Rearrrange data by a set of methods

arrange cluster expand forming generate ggplot2 order plotting-in-r roll rotate shaping swirl transformations

Rearrrange data by a set of methods

# rearrr
**Rearrrange Data**
**Authors:** [Ludvig R. Olsen]( ( [email protected] )

**License:** [MIT](

**Started:** April 2020

## Overview

R package for rearranging data by a set of methods.

We distinguish between **rearrangers** and **mutators**, where the first *reorders* the data points and the second *changes the values* of the data points.
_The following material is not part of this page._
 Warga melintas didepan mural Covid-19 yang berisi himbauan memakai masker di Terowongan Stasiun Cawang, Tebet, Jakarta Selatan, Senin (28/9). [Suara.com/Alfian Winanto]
When performing an operation relative to a point in an n-dimensional vector space, we refer to the point as the **origin**. If we, for instance, wish to rotate our data points around the point at `x = 3` and `y = 7`, those are the coordinates of our origin.

### Install

CRAN (when available):

> `install.packages("rearrr")`

Development version:

> `install.packages("devtools")`
> `devtools::install_github("LudvigOlsen/rearrr")`

### Rearrangers

| Function | Description |
|`center_max()` |Center the highest value with values decreasing around it. |
|`center_min()` |Center the lowest value with values increasing around it. |
|`position_max()` |Position the highest value with values decreasing around it. |
|`position_min()` |Position the lowest value with values increasing around it. |
|`pair_extremes()` |Arrange as lowest, highest, 2nd lowest, 2nd highest, etc. |
|`triplet_extremes()` |Arrange as lowest, most middle, highest, 2nd lowest, 2nd most middle, 2nd highest, etc. |
|`closest_to()` |Order values by shortest distance to an origin. |
|`furthest_from()` |Order values by longest distance to an origin. |
|`rev_windows()` |Reverse order window-wise. |
|`roll_elements()` |Rolls/shifts positions of elements. |
|`shuffle_hierarchy()` |Shuffle multi-column hierarchy of groups. |

### Mutators

| Function | Description | Dimensions |
|`rotate_2d()`, `rotate_3d()` |Rotate values around an origin in 2 or 3 dimensions. |2 or 3 |
|`swirl_2d()`, `swirl_3d()` |Swirl values around an origin in 2 or 3 dimensions. |2 or 3 |
|`shear_2d()`, `shear_3d()` |Shear values around an origin in 2 or 3 dimensions. |2 or 3 |
|`expand_distances()` |Expand distances to an origin. |n |
|`expand_distances_each()`|Expand distances to an origin separately for each dimension. |n |
|`cluster_groups()` |Move data points into clusters around group centroids. |n |
|`dim_values()` |Dim values of a dimension by the distance to an n-dimensional origin. |n (alters 1)|
|`flip_values()` |Flip the values around an origin. |n |
|`roll_values()` |Shifts values and wraps to a range. |n |
|`wrap_to_range()` |Wraps values to a range. |n |
|`transfer_centroids()` |Transfer centroids from one `data.frame` to another. |n |
|`apply_transformation_matrix()` |Apply transformation `matrix` to `data.frame` columns. |n |

### Formers

| Function | Description |
|`circularize()` |Create x-coordinates for y-coordinates so they form a circle. |
|`hexagonalize()` |Create x-coordinates for y-coordinates so they form a hexagon. |
|`square()` |Create x-coordinates for y-coordinates so they form a square. |
|`triangularize()` |Create x-coordinates for y-coordinates so they form a triangle. |

### Pipelines

| Class | Description |
|`Pipeline` |Chain multiple transformations. |
|`GeneratedPipeline` |Chain multiple transformations and generate argument values per group. |
|`FixedGroupsPipeline` |Chain multiple transformations with different argument values per group. |

### Generators

| Function | Description |
|`generate_clusters()` |Generate n-dimensional clusters. |

Additionally, some functions have `*_vec()` versions, that take and return a `vector`.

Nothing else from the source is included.